Greece Announces Massive Budget Cuts

Greece will cut 1.7 billion euro from state salaries and 2.8 billion euro from pensions as part of a total public spending curtailment of 10.8 billion euro next year.

The two cuts are among the most controversial included in a final draft of next year’s budget, released today by the Greek finance ministry, because they contradict a declaration issued by the coalition shortly after it was elected in June to try not to touch incomes. “The fiscal target can be achieved without further cutting salaries and pensions… but by reining in waste and targeting corruption,” the text read.

Greece today also submitted a plan of how it would extend its period of fiscal adjustment by two years to 2016. The debt-ridden country is obliged under its current loan agreements to balance its budget by 2014. Greece’s finance minister, Yannis Stournaras, has said that the country’s debtors have agreed to extend that to 2016. The assertion was denied by his German counterpart.

If it were approved, the so called Mid-Term Fiscal Strategy would see Greece register a final budget deficit of 1.8 billion euro in 2016 (see table at the end of this article). Its deficit this year is expected to be about seven billion euro. If the extension were not approved, Stournaras has said, the two-year austerity programme would have to be closer to 18bn euro.
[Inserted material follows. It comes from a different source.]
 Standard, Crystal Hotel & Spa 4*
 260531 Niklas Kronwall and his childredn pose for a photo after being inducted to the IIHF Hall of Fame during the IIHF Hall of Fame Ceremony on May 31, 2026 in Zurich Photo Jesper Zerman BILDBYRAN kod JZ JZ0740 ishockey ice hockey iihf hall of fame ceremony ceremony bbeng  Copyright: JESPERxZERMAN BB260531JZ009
But such arguments are unlikely to carry a lot of weight with the political opposition. The radical left Syriza party has been arguing that Greece’s bailout, sponsored by the European Commission, European Central Bank and the International Monetary Fund will ultimately fail because it produces recession. 
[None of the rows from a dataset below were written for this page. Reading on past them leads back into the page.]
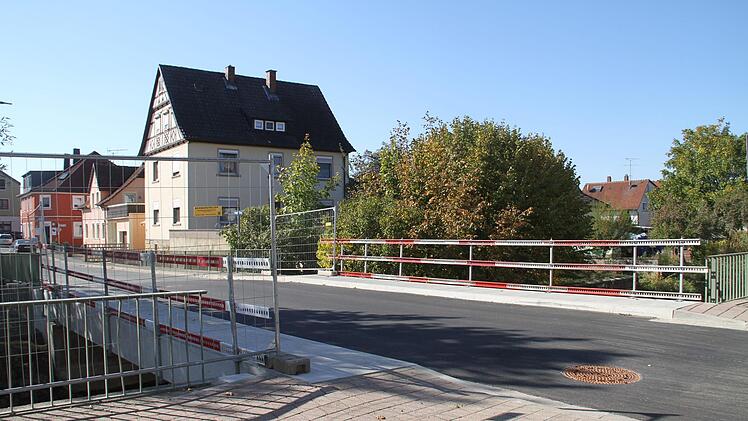 Zwar ist die Plärrerbrücke wieder für den Verkehr offen, aber die Geländer fehlen noch. Bis diese angebracht werden, wird es noch zwei bis Wochen dauern.       Gerda Völk
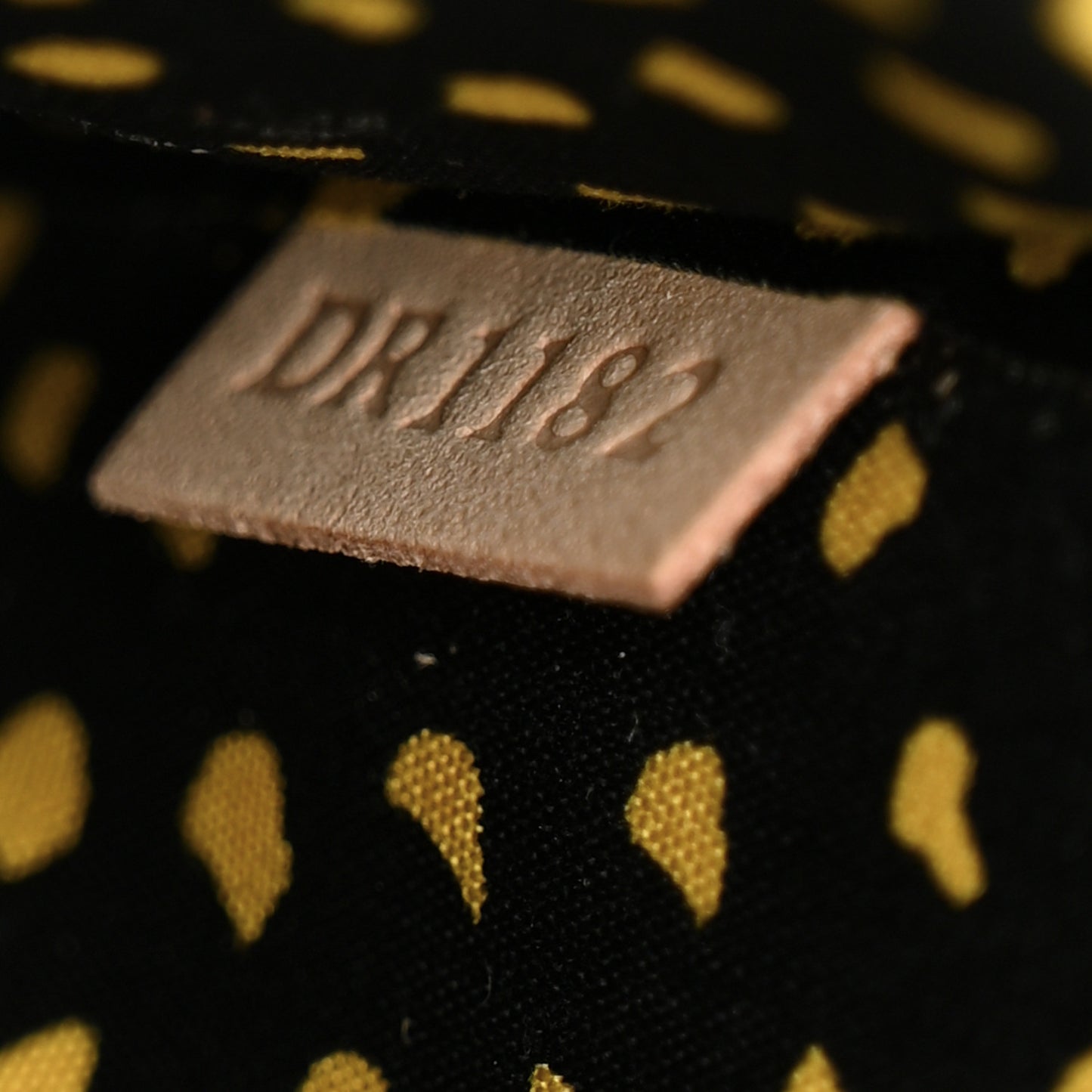 Vernis Kusama Infinity Dots Pochette Accessories Yellow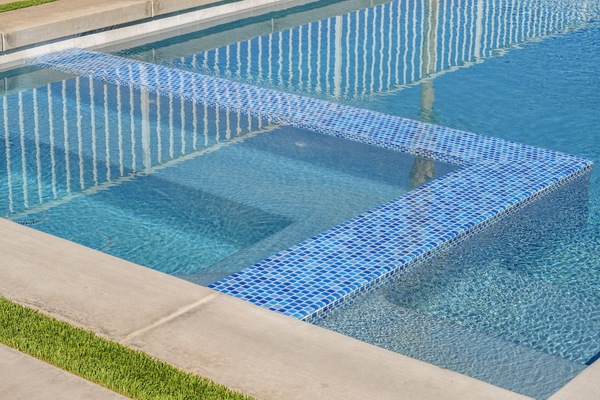 Udendørs pool, opvarmet pool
The Greek economy will shrink for the fourth year this year by an estimated 6.6 percent, and next year by an estimated 4.5 percent, losing a total of about a fifth of its 2008 size. One in four workers is already unemployed, and that figure is expected to rise.

The knock-on effect of recession has been a drop in state tax revenues. The government expects to make 2.6 billion euro less from taxation next year compared to 2012.

The government controls 176 seats in the 300-seat legislature, comfortably more than the 151 needed to vote the budget and austerity bill through. But a 3.3 billion euro package of last-minute spending cuts to the 2012 budget voted parliament through in February witnessed about three dozen defections and massive riots on Syntagma Square before parliament. 

The tensions underlying Greek society and disagreement on how to handle them have caused friction between the coalition leader, the conservative New Democracy, and its junior partners, the socialist Pasok and the Democratic Left. A number of socialist MPs is rumoured to be planning to veto the measures, while the Democratic Left has yet to officially sign onto the package in its entirety.

“The coalition parties’ back-and-forth on the measures have no purpose other than to save face as the government heads for collapse,” said Syriza’s leader, Alexis Tsipras, on Monday.

Yesterday Prime Minister Antonis Samaras said Greece had reached the best deal possible with its creditors. “We did everything possible… We won significant concessions even at the last minute,” Samaras said in a statement. “If this agreement and budget are approved, Greece will remain in the euro. And it will emerge from the crisis.” 

A vote for the budget and austerity package will release a loan tranche of about 31 billion euro Greece needs to remain solvent after November.
How Greece Sees Its Deficit (in billions of euro)*


*Source: Greek Finance Ministry, October 31 2012

Monday, 29 October 2012

Austerity Vote Soon

Greece is scheduled to send two crucial bills to parliament in the coming days. One is the 2013 budget. A draft submitted on October 1 foresees 7.8bn euro in spending cuts and 0.5bn euro in new taxes, though those figures may now rise to a total of more than nine billion euro. A parliament source said the budget was expected to be tabled midweek.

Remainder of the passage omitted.